Storm Eunice, which brewed in the central Atlantic and was spun up from the Azores towards Europe by the jet stream, posed a danger to life, Britain's Meteorological Office said.
The storm hit western England, making landfall in Cornwall, where waves lashed the coast, sending plumes of spray over the roofs of cottages.
In Wales, waves crashed over Aberystwyth promenade, some as high as houses. More than 100,000 people were hit by power cuts as lines were torn down and ancient trees keeled over.
High winds in London shredded the white-domed roof of the O2 arena, which has hosted stars from The Rolling Stones to Beyonce and Rihanna. Tall buildings in London trembled as wind whistled through Canary Wharf.
"Storm Eunice is really packing a punch," Met Office Chief Meteorologist Frank Saunders said. "We only issue red weather warnings when we think there is a threat to life from the weather."
The Met Office said a gust of 122 mph (196 kph) was recorded at The Needles on the Isle of Wight, provisionally a record for the most powerful gust ever recorded in England.
A man died in Ireland after being struck by a falling tree while clearing storm debris, RTE reported. Another person was injured by falling debris in Henley-on-Thames, west of London.
Planes were buffeted so strongly by gusts at some airports that pilots were forced to abandon landings.

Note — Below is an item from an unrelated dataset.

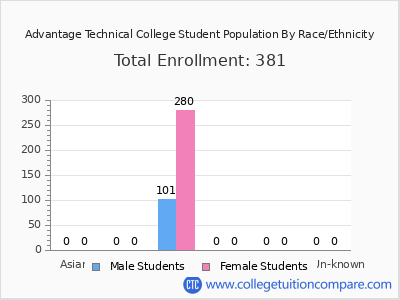 Advantage Technical College 2025 Student Population by Gender and Race chart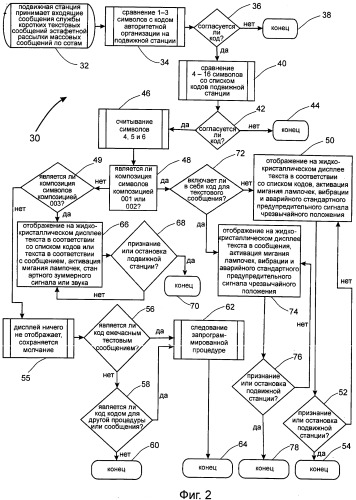 Информационная широковещательная система (патент 2501091)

A live stream of Heathrow Airport's runway was watched by more than 200,000 people.
A total of 436 flights were canceled across the United Kingdom amid record winds from storm Eunice, according to Cirium data.
Troops on standby
More than 100,000 buildings were left without power, distributors said. Ferries and trains were canceled.
"Storm Eunice — There will be NO Transport for Wales trains running on this date," an announcement board said at Aberystwyth station. All trains in Kent, southern England, were canceled.
"We are closing all routes in Kent, and all lines in SE London are blocked by trees," Network Rail Kent & Sussex said. "Please do not travel."
British Airways said that it was canceling a number of flights and that there would be significant disruption.
Danish ferry operator DFDS said in a statement posted on Twitter that its ferries between Dover and Calais have been suspended due to high winds.
Such red warnings are relatively rare. The last one issued was in November 2021. Scotland has issued yellow warnings for heavy snow.
The British government will hold a Civil Contingencies Committee emergency response meeting to discuss the response to the storm.
Britain's security minister, Damian Hinds, said troops were on standby to deal with the consequences of the weather.
"We should all follow the advice and take precautions to keep safe," Prime Minister Boris Johnson said. "I thank responders for all their efforts."